Because there's still restrictions on flying to Cuba, you have to review the OFAC guidelines and state your reasoning for traveling to Cuba--aka this is not a trip that you can just go and lay on the beach for a few days-- you must have a legitimate reason for coming. As I've always been intrigued with Caribbean and Afro-Latino culture, I used the People to People reasoning. With People to People, you're basically stating that your coming to Cuba to interact and create a dialogue with the people of the island. 


With any trip, it's important to look for a safe and secure place to stay, so when planning for Cuba we weighed both of our options for Hotel and Airbnb. As pricing for hotels are astronomical (+$350 per night) I definitely didn't feel it was economical to go that route. Airbnb, if you can find a good one, is a great option if your looking for a more affordable and interactive option. Just remember to READ THE REVIEWS. You never know what you're truly going to get with Airbnb or, so reading other travelers experiences will definitely help when choosing the right ones. For the 4 nights my girlfriends where with me in Cuba, our total Airbnb cost per person was $34. Comparing that to almost to over $300 per night, there is no comparison.

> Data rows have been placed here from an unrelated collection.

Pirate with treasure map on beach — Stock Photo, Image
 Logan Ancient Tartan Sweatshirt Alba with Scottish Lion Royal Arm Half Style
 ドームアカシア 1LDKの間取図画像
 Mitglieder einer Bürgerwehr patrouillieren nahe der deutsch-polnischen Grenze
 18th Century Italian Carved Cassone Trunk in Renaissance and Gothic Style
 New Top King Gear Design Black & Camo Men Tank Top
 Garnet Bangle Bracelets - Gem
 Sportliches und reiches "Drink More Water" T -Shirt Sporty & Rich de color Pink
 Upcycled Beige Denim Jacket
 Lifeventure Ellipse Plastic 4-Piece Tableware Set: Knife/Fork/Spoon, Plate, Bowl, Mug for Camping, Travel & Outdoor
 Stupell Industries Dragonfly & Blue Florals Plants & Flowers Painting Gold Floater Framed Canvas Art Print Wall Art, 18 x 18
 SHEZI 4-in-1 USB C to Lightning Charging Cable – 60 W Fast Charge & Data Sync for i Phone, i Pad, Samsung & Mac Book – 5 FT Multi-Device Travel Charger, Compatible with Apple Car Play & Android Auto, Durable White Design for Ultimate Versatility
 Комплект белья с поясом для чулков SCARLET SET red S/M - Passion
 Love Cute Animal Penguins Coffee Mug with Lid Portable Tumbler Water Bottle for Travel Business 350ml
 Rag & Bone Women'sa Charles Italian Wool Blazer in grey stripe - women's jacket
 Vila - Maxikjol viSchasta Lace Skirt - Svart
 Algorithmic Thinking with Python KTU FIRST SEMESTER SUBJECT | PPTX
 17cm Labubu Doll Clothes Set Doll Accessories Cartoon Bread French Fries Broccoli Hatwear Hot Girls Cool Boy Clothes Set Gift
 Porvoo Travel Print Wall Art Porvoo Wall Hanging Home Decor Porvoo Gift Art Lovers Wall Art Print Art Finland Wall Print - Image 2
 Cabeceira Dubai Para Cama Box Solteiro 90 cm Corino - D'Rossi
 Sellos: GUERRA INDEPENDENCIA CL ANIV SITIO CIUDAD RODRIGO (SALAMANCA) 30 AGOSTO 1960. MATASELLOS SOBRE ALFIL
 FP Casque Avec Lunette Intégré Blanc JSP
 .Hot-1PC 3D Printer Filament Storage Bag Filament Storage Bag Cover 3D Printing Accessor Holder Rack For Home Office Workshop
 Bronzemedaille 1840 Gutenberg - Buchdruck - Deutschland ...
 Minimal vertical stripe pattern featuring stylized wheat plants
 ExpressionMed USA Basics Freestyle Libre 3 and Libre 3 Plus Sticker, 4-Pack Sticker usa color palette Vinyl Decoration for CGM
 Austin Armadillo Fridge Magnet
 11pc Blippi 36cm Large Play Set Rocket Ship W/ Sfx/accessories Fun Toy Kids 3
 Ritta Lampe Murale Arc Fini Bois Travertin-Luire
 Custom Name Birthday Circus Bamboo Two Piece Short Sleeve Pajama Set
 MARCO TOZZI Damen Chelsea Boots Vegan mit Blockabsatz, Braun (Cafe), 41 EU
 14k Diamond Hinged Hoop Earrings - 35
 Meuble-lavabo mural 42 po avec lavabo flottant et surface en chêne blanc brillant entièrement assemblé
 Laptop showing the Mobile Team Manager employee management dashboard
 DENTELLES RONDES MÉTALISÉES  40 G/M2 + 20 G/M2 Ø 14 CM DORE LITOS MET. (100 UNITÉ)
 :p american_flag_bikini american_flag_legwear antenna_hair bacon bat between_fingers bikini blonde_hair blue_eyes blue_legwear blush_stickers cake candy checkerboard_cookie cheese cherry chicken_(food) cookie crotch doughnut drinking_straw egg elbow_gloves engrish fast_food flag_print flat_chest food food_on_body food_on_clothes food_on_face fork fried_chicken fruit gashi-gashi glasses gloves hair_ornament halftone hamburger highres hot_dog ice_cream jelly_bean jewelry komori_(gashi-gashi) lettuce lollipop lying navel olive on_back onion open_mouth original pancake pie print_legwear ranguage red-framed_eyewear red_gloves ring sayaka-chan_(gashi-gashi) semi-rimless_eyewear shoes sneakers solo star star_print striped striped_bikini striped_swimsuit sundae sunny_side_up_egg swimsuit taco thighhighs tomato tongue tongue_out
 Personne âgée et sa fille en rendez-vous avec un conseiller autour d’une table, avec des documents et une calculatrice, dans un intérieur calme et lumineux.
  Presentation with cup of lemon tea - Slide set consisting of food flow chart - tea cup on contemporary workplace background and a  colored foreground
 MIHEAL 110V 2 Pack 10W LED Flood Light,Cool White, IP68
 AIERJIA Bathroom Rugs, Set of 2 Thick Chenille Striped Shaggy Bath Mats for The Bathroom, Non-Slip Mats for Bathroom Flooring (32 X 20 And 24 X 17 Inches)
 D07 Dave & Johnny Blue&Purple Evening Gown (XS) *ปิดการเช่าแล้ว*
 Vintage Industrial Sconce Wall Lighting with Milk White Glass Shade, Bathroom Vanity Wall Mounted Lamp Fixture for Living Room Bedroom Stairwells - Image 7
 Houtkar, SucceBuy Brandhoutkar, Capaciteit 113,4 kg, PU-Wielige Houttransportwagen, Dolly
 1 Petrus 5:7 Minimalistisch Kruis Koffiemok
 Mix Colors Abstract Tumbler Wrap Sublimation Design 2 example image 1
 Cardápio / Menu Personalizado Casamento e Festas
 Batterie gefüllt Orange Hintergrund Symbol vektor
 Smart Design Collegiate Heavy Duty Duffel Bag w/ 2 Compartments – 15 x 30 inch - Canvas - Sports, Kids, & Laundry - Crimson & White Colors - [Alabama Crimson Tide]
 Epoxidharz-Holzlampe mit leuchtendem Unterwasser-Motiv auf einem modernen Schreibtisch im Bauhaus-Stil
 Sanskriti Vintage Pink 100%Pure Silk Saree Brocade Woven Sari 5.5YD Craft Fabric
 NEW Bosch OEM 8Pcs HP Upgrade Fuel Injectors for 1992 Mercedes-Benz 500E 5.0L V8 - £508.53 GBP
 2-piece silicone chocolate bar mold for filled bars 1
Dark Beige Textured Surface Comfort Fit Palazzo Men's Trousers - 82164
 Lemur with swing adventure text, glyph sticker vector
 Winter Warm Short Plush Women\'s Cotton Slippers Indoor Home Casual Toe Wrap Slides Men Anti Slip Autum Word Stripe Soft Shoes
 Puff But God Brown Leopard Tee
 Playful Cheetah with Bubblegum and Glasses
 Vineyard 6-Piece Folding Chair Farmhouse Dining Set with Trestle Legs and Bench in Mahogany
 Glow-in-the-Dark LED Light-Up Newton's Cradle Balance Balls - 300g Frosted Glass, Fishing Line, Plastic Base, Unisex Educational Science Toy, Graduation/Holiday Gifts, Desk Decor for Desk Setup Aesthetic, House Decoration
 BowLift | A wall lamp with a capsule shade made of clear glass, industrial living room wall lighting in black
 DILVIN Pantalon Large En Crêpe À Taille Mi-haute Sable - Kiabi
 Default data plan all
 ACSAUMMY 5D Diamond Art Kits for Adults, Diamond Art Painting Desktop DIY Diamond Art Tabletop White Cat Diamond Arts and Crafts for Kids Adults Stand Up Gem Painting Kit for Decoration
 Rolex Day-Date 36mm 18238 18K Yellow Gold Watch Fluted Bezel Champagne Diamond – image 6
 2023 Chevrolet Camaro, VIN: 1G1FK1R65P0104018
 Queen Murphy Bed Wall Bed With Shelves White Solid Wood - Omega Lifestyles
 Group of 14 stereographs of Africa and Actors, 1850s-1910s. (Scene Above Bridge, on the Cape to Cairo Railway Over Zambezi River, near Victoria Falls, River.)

There's soooooo much to do in Cuba, so having a detailed itinerary will save you so much time. From the museums, preserved towns, and monuments to iconic restaurants and bars, there's literally something for you to see every moment of the day. It's better to make a lists of must-sees and backburners so you can plan out your time and budget efficiently. Havana specifically is a pretty large town but is definitely walkable, but if you're going to another town like Trinidad that's 4-6 hours away, remember to take into consideration that travel time.
Airbnb also launched an excursion section on their website where you can pay for different experiences with locals (definitely fits into the People to People Visa requirement). From going on a literature tour to working out with a Cuban Olympian, there's so much that you can do.


If you thought Cuba was just another Third World Country where you'd get stuff for pennies, you're definitely about to experience a reality check. Not only is the CUC a 1:1 conversion with USD, but Cuba imposes a 10% tax due to the Embargo plus a 3% exchange tax. So you're actually loosing a load of money. Although you can get a decent meal with at least 2 mojitos for under $30 and Airbnb hosts most likely offer a $5 hearty breakfast or have it included in the price, it's better to bring more money than less. For my 6 day trip I brought $500 and converted $460. With my conversion I ended up with $401 in CUC. Although my last day was pretty tight, (I only had about $65-even after converting my last $40 USD-- left to spend on food, drinks, a cigar, my last museum visit, and my taxi ride to the airport the next morning) I had a decent amount of money to enjoy for the full week. Also factor in the $25 CUC from the airport and back--you don't want that to be the reason you can't get home to the US. To be more safe than sorry, I suggest at least $125 per day. Convert about 2/3 of the full amount so you don't get hit with the double conversion on the way back when you try change CUC to USD.

ALSO REMEMBER: Credit and debit cards aren't recommended to use and probably aren't even taken. So you'll need as much cash as possible to last your whole trip.